= C. Kyle Ranson =

American businessman

Kyle C. Ranson is an American businessman who was the president and CEO of InFocus from August 2004 to May 2007. At the time, InFocus was headquartered in Wilsonville, Oregon. Kyle was originally hired as the executive vice president of worldwide sales and marketing in April 2003, and previously held the same title at Compaq/Hewlett-Packard. He also held positions at Newberry Data and Vickers Defense.

==Career==
Ranson gained experience with projectors at his position with Compaq, where he helped the company get into the projector market. Ranson was hired by InFocus to concentrate more on product marketing in the digital projector market, instead of previous emphasis on innovation. At the time, company Chairman John Harker expressed the hope that Ranson's international experience and market understanding would help drive the company back to profitability.

In August 2004, InFocus announced that Ranson (then president and chief operation officer) would be the next CEO and a member of the board of directors, replacing John Harker who had led the company since 1992. Harker would continue in the role of chairman.

On 16 May 2007, InFocus announced that Ranson would leave the company to pursue other interests.
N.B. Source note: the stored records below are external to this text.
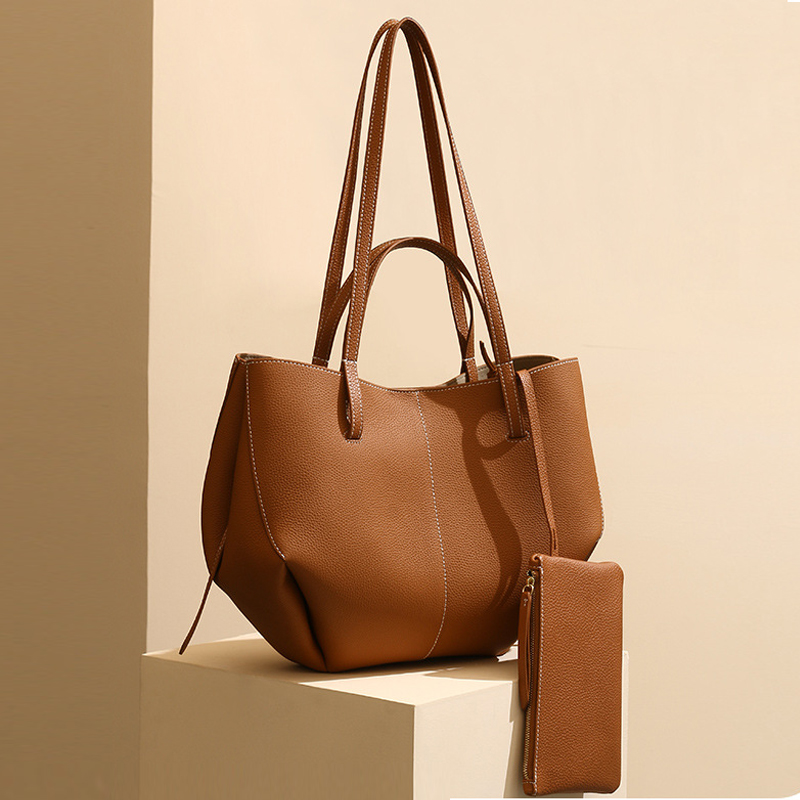 Fashionable Tote Bag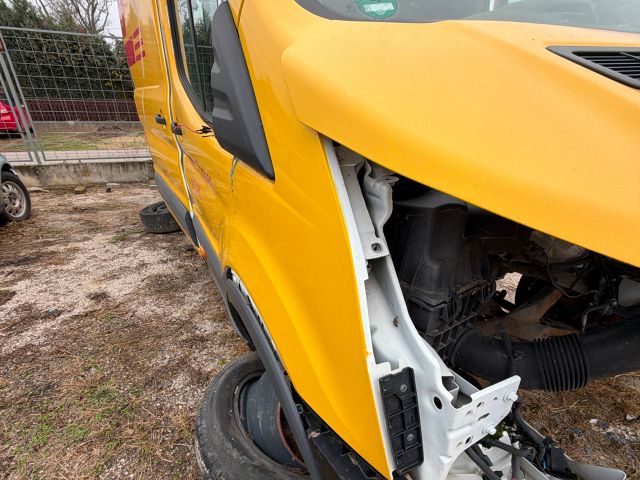 bontott FORD TRANSIT Bal első Sárvédő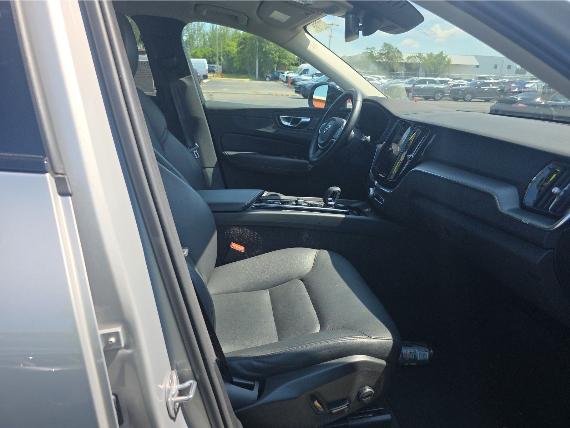 Volvo XC60 B5 AWD Core 2025
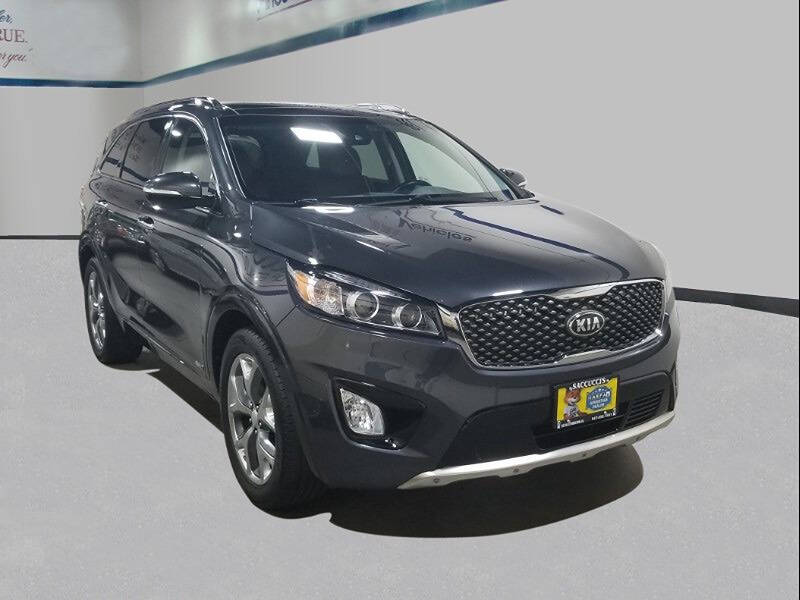 2017 Kia Sorento for sale at Saccucci's Of Schaumburg in Schaumburg, IL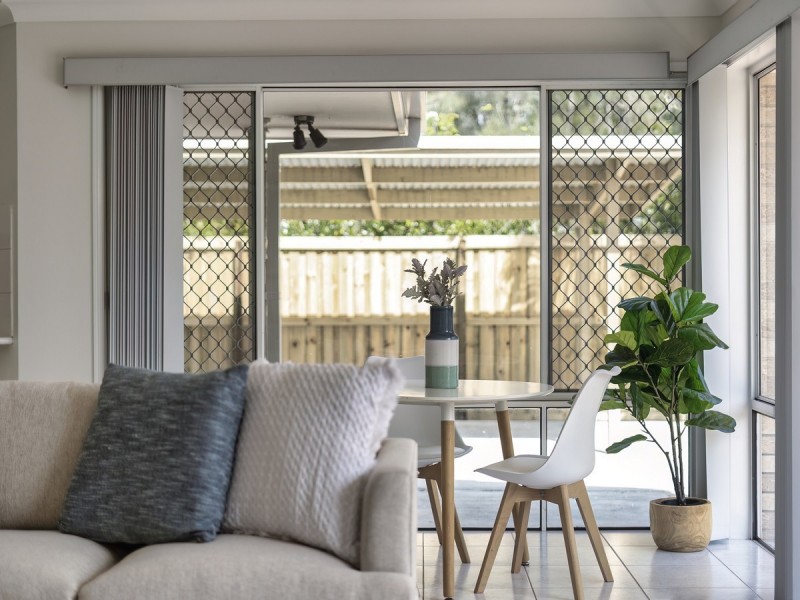 25 Lakeshore Drive, Helensvale QLD 4212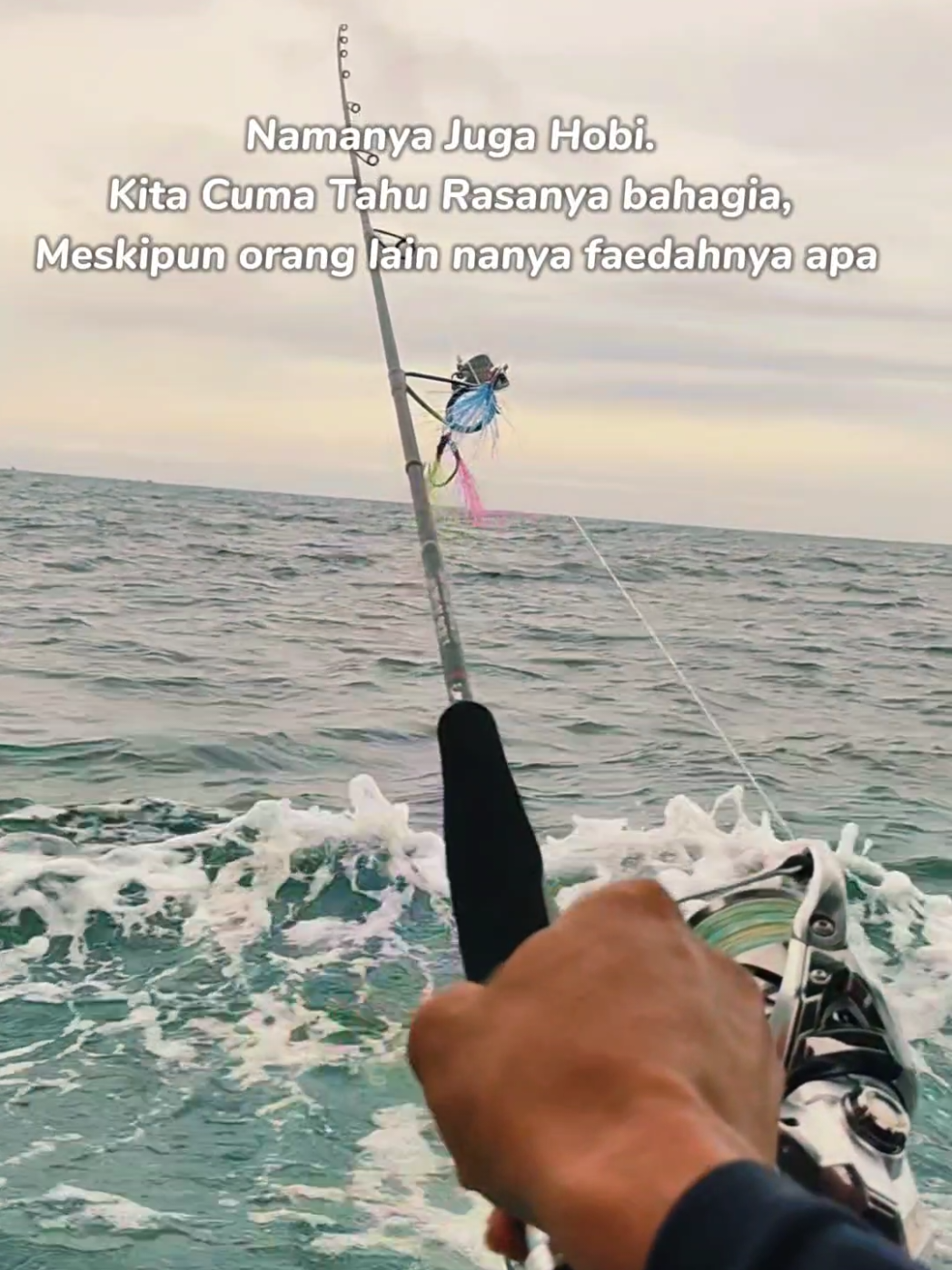 Setiap Orang Pasti Punya Hobinya Masing-masing😊 #mancing #mancingmania #mancingikan #mancinglaut #storymancing #angler #fyp 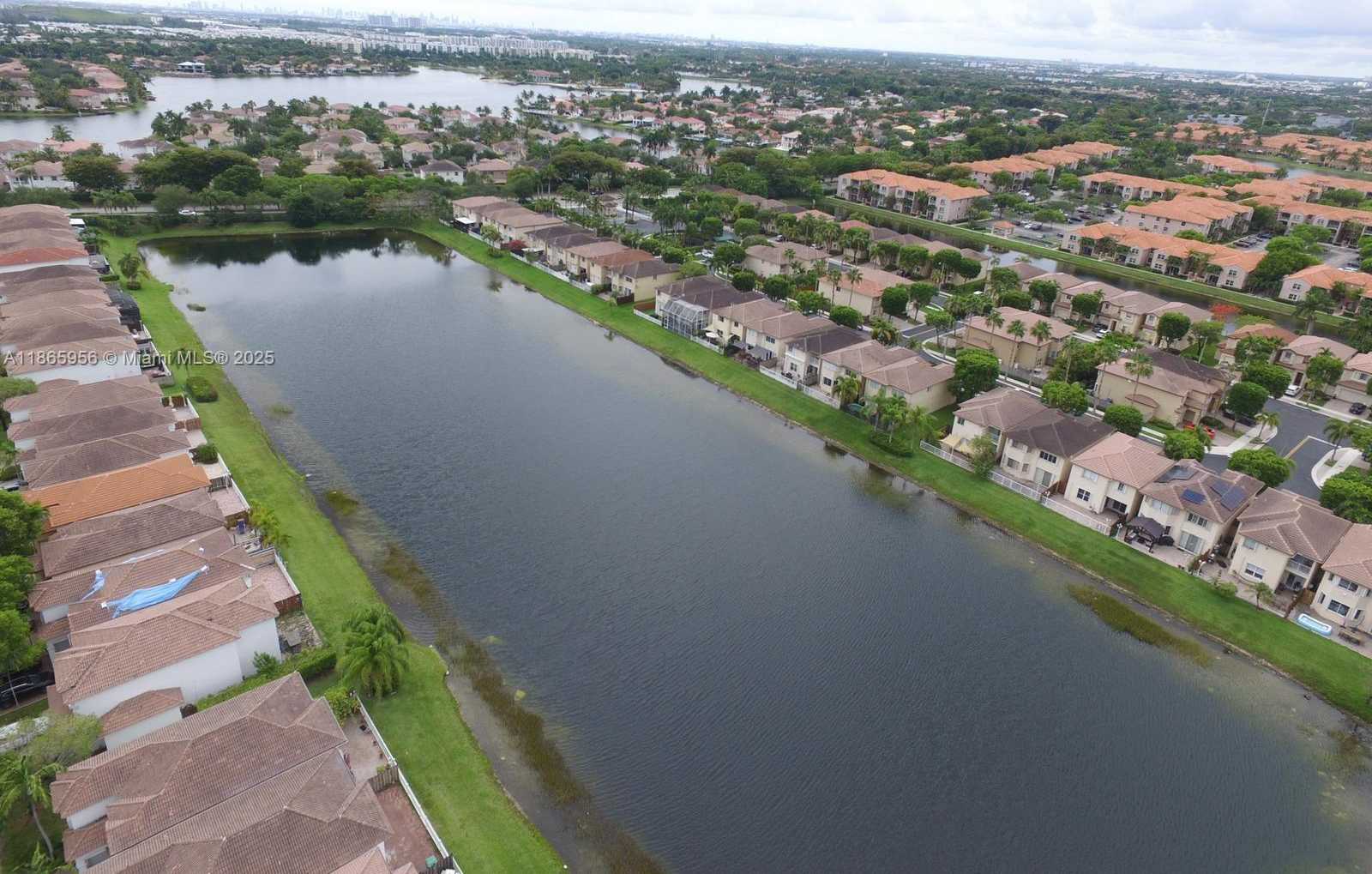 Small Image of 11662 NORTH WEST 69TH TER, Doral Number 4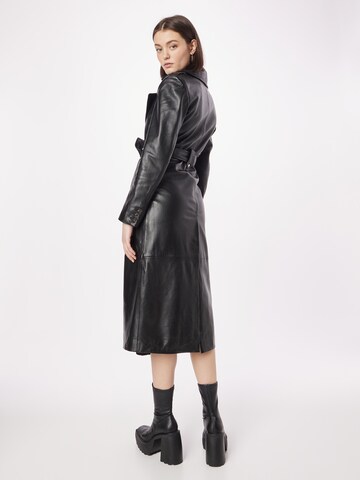 Karen Millen Between-seasons coat in Black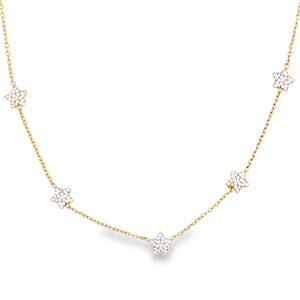 Ce ravissant collier en acier doré est orné de délicates étoiles en strass taille brillant. Une composition charmante et élégante qui apportera une touche de raffinement à votre décolleté. Idéal pour une occasion spéciale ou pour ajouter une note scintillante à votre quotidien. Fermoir mousqueton avec 5 cm de rallonge.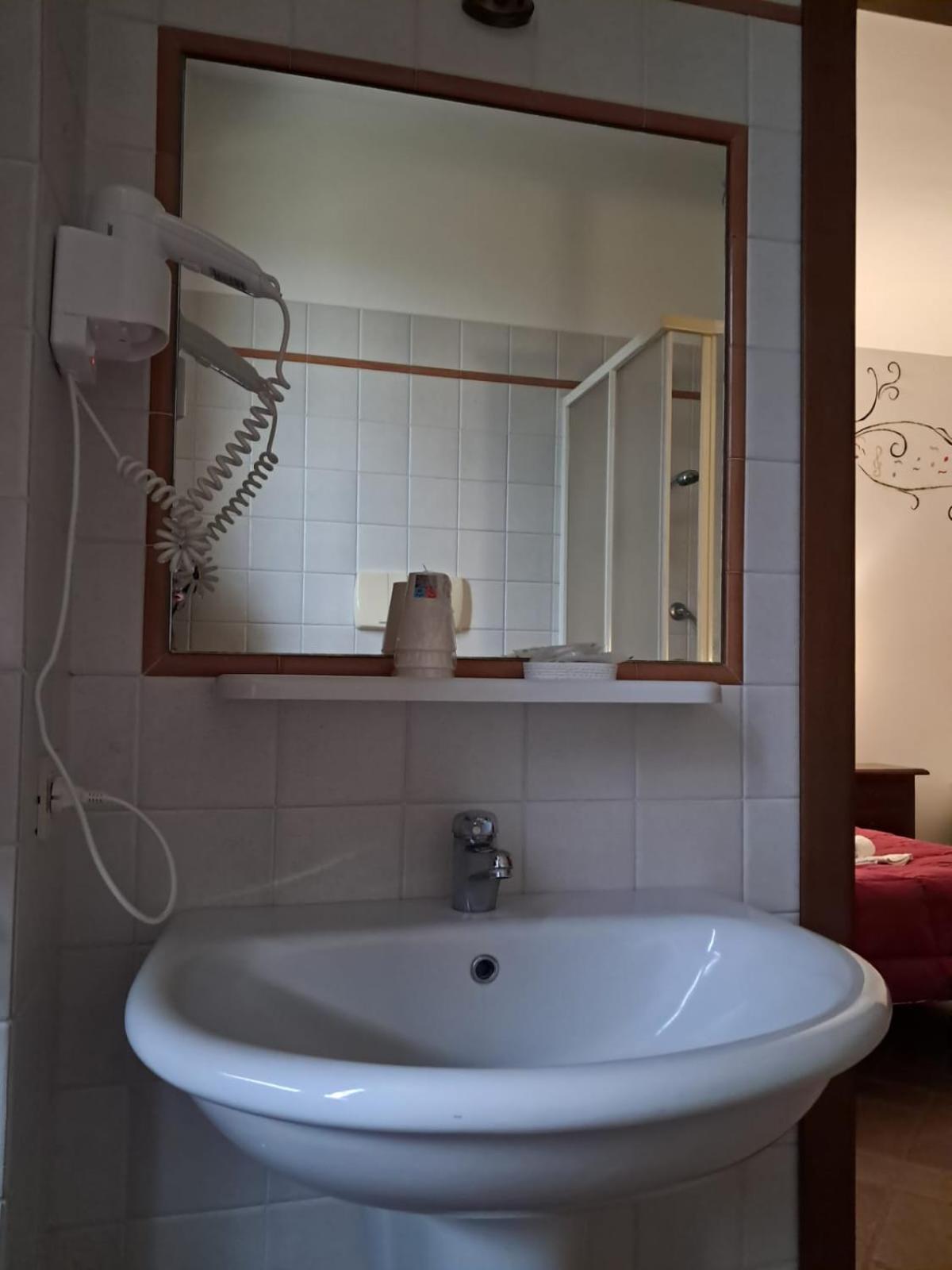 8380 Agriturismo Il Saragiolo Manciano Exteriör bild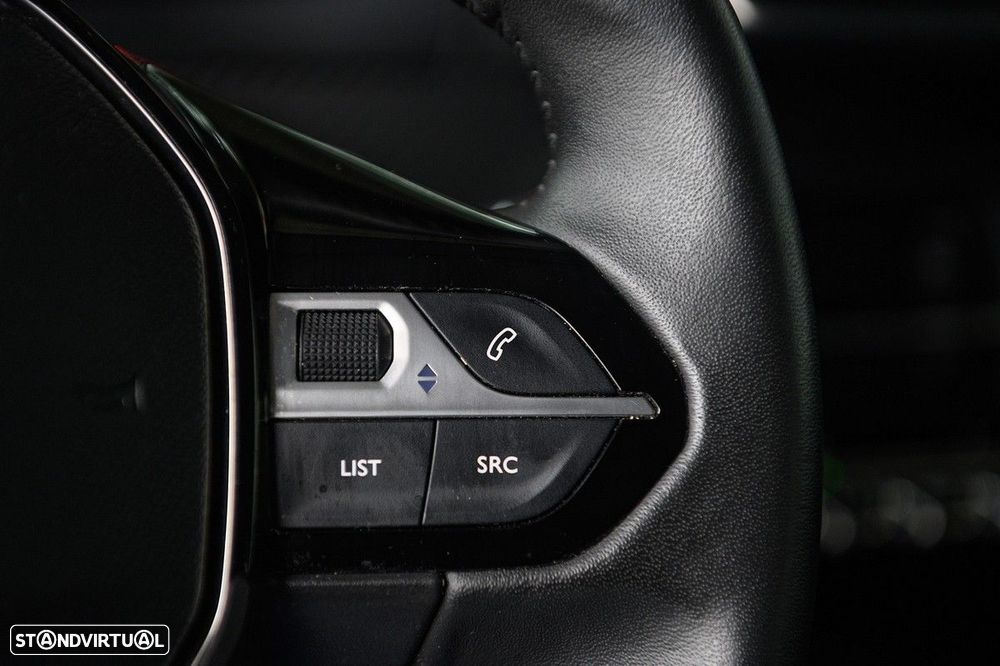 Peugeot 208 1.2 PureTech Active Pack - 36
He also resigned from the company's board of directors.

== Later career ==
In 2008, Ranson invested in Showers Pass, a company founded by Dave Morrow in 1997 and purchased by Ed Dalton in 2005, becoming co-president. Ranson had met Dalton on a cycling tour of Oregon. In 2012, Dalton sold out to Ranson. The company is headquartered in Portland, Oregon, with Ranson as the CEO. In May 2013, the company established a United Kingdom office, with Ranson's brother Fraser Ranson joining the company as head of UK operations.

==Personal life==
Ranson was born in Newcastle upon Tyne, England, and graduated from Brunel University in 1985 with a BA in design and technology. He has been a trustee of the Oregon chapter of the National Multiple Sclerosis Society and has taken part in fundraising bike rides with Bikes MS150. In 2015, the National Multiple Sclerosis Society announced that Showers Pass would provide an annual sponsorship to improve life for those suffering from MS and contribute to the search for a cure.